======== Dataset excerpts
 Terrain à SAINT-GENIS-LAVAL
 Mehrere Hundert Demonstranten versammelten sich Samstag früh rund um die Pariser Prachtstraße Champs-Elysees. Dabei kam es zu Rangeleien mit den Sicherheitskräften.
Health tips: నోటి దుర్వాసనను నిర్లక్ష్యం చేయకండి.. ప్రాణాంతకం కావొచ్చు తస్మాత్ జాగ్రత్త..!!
================
======== Dataset excerpts
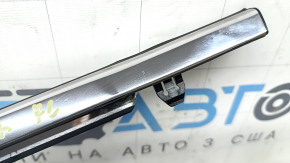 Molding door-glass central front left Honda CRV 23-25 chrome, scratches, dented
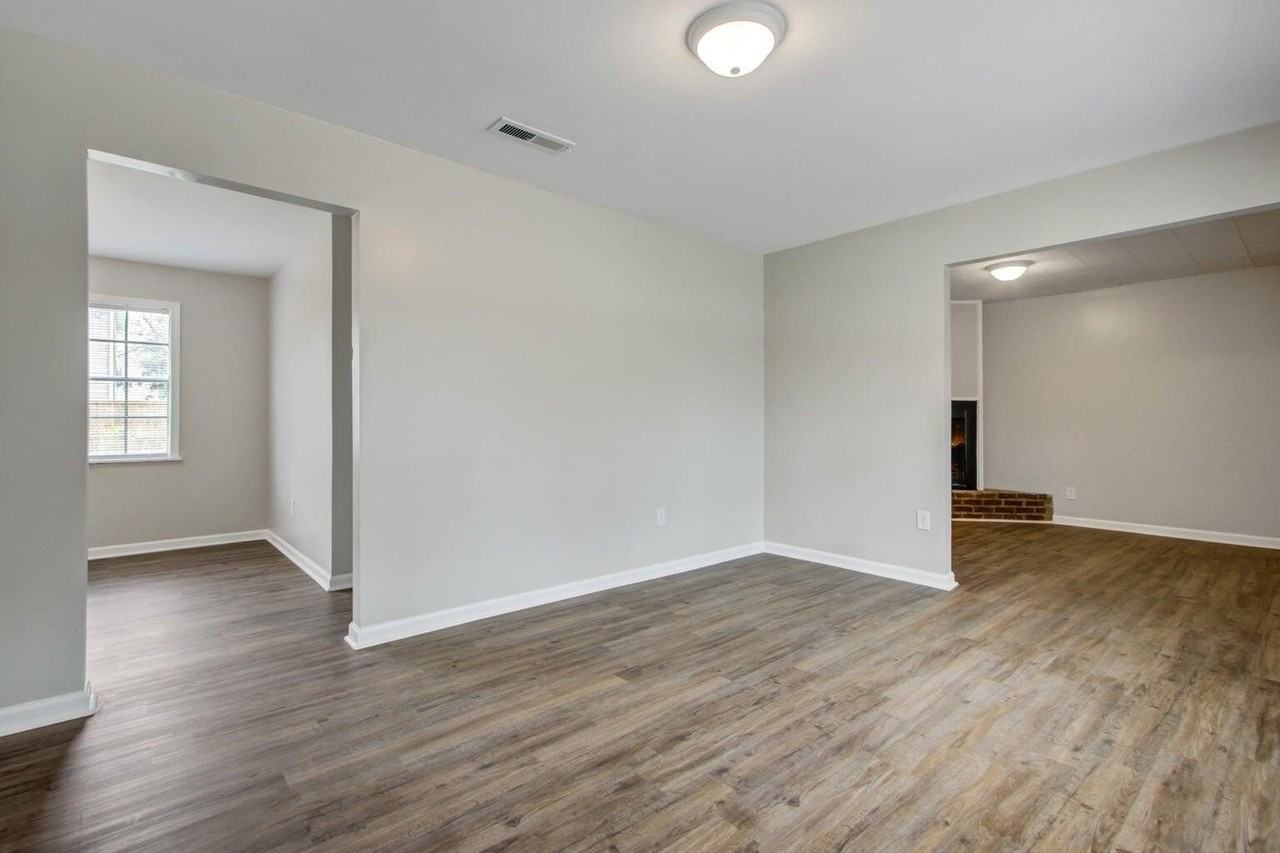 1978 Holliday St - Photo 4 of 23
================
> [Your task] Would you print, exactly as written, every line above from the one holding "Terrain à SAINT-GENIS-LAVAL" through the one holding "Health tips: నోటి", with both included and no other lines?

> [Answer section]
 Terrain à SAINT-GENIS-LAVAL
 Mehrere Hundert Demonstranten versammelten sich Samstag früh rund um die Pariser Prachtstraße Champs-Elysees. Dabei kam es zu Rangeleien mit den Sicherheitskräften.
Health tips: నోటి దుర్వాసనను నిర్లక్ష్యం చేయకండి.. ప్రాణాంతకం కావొచ్చు తస్మాత్ జాగ్రత్త..!!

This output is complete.